## INPUT MATERIAL:
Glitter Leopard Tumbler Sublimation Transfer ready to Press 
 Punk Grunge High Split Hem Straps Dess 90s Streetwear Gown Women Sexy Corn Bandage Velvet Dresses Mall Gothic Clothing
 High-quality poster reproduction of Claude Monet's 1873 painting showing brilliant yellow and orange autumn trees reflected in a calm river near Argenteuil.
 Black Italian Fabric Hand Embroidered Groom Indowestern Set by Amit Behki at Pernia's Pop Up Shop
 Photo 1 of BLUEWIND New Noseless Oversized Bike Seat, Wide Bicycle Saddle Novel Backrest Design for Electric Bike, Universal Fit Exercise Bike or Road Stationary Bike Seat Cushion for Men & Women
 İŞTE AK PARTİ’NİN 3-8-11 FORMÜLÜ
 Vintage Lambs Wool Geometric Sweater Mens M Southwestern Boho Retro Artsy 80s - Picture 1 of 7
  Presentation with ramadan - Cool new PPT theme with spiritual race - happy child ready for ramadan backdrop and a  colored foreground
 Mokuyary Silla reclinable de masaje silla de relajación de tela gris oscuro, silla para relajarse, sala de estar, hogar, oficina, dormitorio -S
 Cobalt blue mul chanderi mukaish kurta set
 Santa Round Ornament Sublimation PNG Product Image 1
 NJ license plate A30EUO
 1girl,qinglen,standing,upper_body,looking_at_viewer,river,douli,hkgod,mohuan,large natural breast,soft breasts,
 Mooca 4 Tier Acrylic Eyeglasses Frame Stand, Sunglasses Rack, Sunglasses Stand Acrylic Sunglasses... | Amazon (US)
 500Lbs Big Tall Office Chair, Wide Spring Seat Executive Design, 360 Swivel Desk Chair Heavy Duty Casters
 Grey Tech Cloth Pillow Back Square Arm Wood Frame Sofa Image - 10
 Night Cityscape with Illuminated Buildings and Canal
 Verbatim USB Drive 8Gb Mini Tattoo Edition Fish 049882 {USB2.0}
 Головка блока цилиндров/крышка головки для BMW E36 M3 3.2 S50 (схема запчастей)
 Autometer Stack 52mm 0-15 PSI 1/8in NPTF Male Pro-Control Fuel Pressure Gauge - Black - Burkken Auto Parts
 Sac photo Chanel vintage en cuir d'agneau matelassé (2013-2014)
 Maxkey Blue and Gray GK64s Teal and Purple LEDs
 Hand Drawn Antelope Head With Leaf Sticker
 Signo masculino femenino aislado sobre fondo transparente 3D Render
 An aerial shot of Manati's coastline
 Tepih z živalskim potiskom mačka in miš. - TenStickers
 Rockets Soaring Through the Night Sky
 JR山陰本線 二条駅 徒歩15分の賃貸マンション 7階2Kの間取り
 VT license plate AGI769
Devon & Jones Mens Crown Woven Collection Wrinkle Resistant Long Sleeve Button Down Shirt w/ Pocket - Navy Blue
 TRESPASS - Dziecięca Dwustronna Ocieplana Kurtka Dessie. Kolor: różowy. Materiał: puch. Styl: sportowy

## EXERCISE REQUIREMENTS:
Your task is to reproduce all the records above exactly as they appear.

## EXERCISE OUTPUT:
Glitter Leopard Tumbler Sublimation Transfer ready to Press 
 Punk Grunge High Split Hem Straps Dess 90s Streetwear Gown Women Sexy Corn Bandage Velvet Dresses Mall Gothic Clothing
 High-quality poster reproduction of Claude Monet's 1873 painting showing brilliant yellow and orange autumn trees reflected in a calm river near Argenteuil.
 Black Italian Fabric Hand Embroidered Groom Indowestern Set by Amit Behki at Pernia's Pop Up Shop
 Photo 1 of BLUEWIND New Noseless Oversized Bike Seat, Wide Bicycle Saddle Novel Backrest Design for Electric Bike, Universal Fit Exercise Bike or Road Stationary Bike Seat Cushion for Men & Women
 İŞTE AK PARTİ’NİN 3-8-11 FORMÜLÜ
 Vintage Lambs Wool Geometric Sweater Mens M Southwestern Boho Retro Artsy 80s - Picture 1 of 7
  Presentation with ramadan - Cool new PPT theme with spiritual race - happy child ready for ramadan backdrop and a  colored foreground
 Mokuyary Silla reclinable de masaje silla de relajación de tela gris oscuro, silla para relajarse, sala de estar, hogar, oficina, dormitorio -S
 Cobalt blue mul chanderi mukaish kurta set
 Santa Round Ornament Sublimation PNG Product Image 1
 NJ license plate A30EUO
 1girl,qinglen,standing,upper_body,looking_at_viewer,river,douli,hkgod,mohuan,large natural breast,soft breasts,
 Mooca 4 Tier Acrylic Eyeglasses Frame Stand, Sunglasses Rack, Sunglasses Stand Acrylic Sunglasses... | Amazon (US)
 500Lbs Big Tall Office Chair, Wide Spring Seat Executive Design, 360 Swivel Desk Chair Heavy Duty Casters
 Grey Tech Cloth Pillow Back Square Arm Wood Frame Sofa Image - 10
 Night Cityscape with Illuminated Buildings and Canal
 Verbatim USB Drive 8Gb Mini Tattoo Edition Fish 049882 {USB2.0}
 Головка блока цилиндров/крышка головки для BMW E36 M3 3.2 S50 (схема запчастей)
 Autometer Stack 52mm 0-15 PSI 1/8in NPTF Male Pro-Control Fuel Pressure Gauge - Black - Burkken Auto Parts
 Sac photo Chanel vintage en cuir d'agneau matelassé (2013-2014)
 Maxkey Blue and Gray GK64s Teal and Purple LEDs
 Hand Drawn Antelope Head With Leaf Sticker
 Signo masculino femenino aislado sobre fondo transparente 3D Render
 An aerial shot of Manati's coastline
 Tepih z živalskim potiskom mačka in miš. - TenStickers
 Rockets Soaring Through the Night Sky
 JR山陰本線 二条駅 徒歩15分の賃貸マンション 7階2Kの間取り
 VT license plate AGI769
Devon & Jones Mens Crown Woven Collection Wrinkle Resistant Long Sleeve Button Down Shirt w/ Pocket - Navy Blue
 TRESPASS - Dziecięca Dwustronna Ocieplana Kurtka Dessie. Kolor: różowy. Materiał: puch. Styl: sportowy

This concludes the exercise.